De WRR zoekt in haar rapport een antwoord op de vraag: “Hoe kunnen beleidsmakers burgers beter betrekken?” (p.11). Ze bepleit een omslag in het overheidsdenken en -handelen over burgerparticipatie en ziet daarvoor een bittere noodzaak omdat traditionele benaderingen niet meer voldoen. “De complexere samenleving is in belangrijke mate onbeheersbaar geworden” schrijft de raad en ze hamert de boodschap erin dat “niet langer kan worden volstaan met het toevoegen van inhoudelijke of procesmatige toeters en bellen: beleidsverfijningen en instrumenten of processen die niet het ruggenmerg raken”. “Pogingen om de complexiteit te reduceren of te negeren werken averechts”, waarschuwt de WRR (p.23, 230).

Doe-democratie

Wat werkt dan wel? De raad bepleit een nieuwe balans tussen het publieke debat, de publieke besluitvorming en de uitvoering van publieke taken. Daarvoor is het nodig dat beleidsmakers tegenspel van burgers creëren, de invloed vanuit de alledaagse leefomgeving vergroten, deelname aan het maatschappelijk verkeer stimuleren en de nodige steunpilaren bouwen die deze vorm van “doe-democratie” moeten stutten. De WRR werkt dit doorwrocht en in de praktijk gefundeerd uit en schrijft er een inspirerend verhaal over dat zo in de gereedschapskist van de beleidsmaker kan. Natuurlijk zijn er wel een paar kanttekeningen bij te maken.

Zweem

Zo heeft burgerparticipatie ook hier de zweem van nobel paternalisme en volksverheffing die er toch altijd al aan kleefde. Wie in een verkrot deel van de stad huist waar de criminaliteit over de dorpel klotst, woont ineens in een prachtwijk. Daar heeft hij te maken met “frontlijnwerkers”, wordt de openbare ruimte aan hem “teruggegeven” en verricht hij “eigenkrachtactiviteiten” – de termen tussen “” komen uit het WRR-rapport. Als je niet oppast wordt het cynisch, vooral als gemeenten het maar al te praktisch vinden zich rijk te rekenen aan de veronderstelde eigen kracht van burgers, omdat ze het geld niet meer hebben om hun taken te blijven verrichten.

Op een hoop

“Binding” en “vertrouwen” zijn belangrijke begrippen in de doe-democratie. Binding komt in allerlei smaken, geeft input, brandstof en spelregels voor de doe-democratie en wordt door de raad gedetailleerd uitgewerkt (in een verhullende newspeak, waarover een volgende keer). Vertrouwen komt er bekaaider van af – dat is wat beleidsmakers in burgers moeten hebben. En omgekeerd? De implicatie is dat vertrouwen door binding groeit.

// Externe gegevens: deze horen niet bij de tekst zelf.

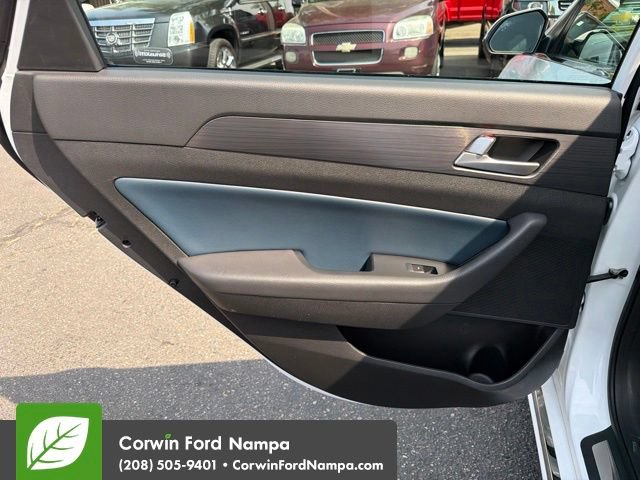 Used 2019 Hyundai Sonata Limited FWD image 27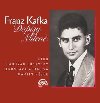 DOPISY MILEN - CD - Franz Kafka; Jaroslava Adamov; Radovan Lukavsk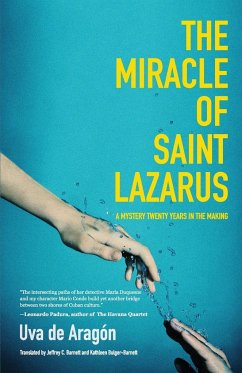 The Miracle of Saint Lazarus - de Aragón, Uva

In dat licht is het jammer dat de WRR politici, bestuurders en ambtenaren als “beleidsmakers” op een hoop gooit, een enkele passage daargelaten. Daarmee doet ze geen recht aan de complexiteit van de onderlinge verhoudingen, die per definitie onder druk staan door verschillen in belangen, behoeften en perspectieven op tijd en inhoud. De raad laat in het midden hoe dat uitpakt in de netwerkoverheid die zij nodig acht in tijden van doe-democratie. Wat voor binding is nodig met de gekozenen, de aangestelde eindverantwoordelijken en de dienstbaren – zowel onderling als van ieder van hen met “de burger”?